● INSTRUCTIONS TO FOLLOW
Find the line with "Top view of" in the entries below. Repeat it, every following line, and the line with "2002 5th Avenue, Unit", exactly and with nothing added.

● INPUT FOR THIS TASK
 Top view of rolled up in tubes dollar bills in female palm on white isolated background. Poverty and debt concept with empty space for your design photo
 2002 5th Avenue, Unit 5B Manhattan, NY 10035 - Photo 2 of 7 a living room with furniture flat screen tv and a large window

--

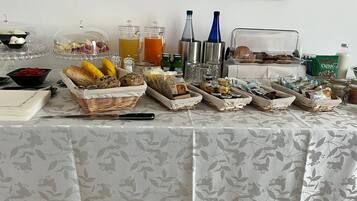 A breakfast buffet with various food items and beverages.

● YOUR RESPONSE
 Top view of rolled up in tubes dollar bills in female palm on white isolated background. Poverty and debt concept with empty space for your design photo
 2002 5th Avenue, Unit 5B Manhattan, NY 10035 - Photo 2 of 7 a living room with furniture flat screen tv and a large window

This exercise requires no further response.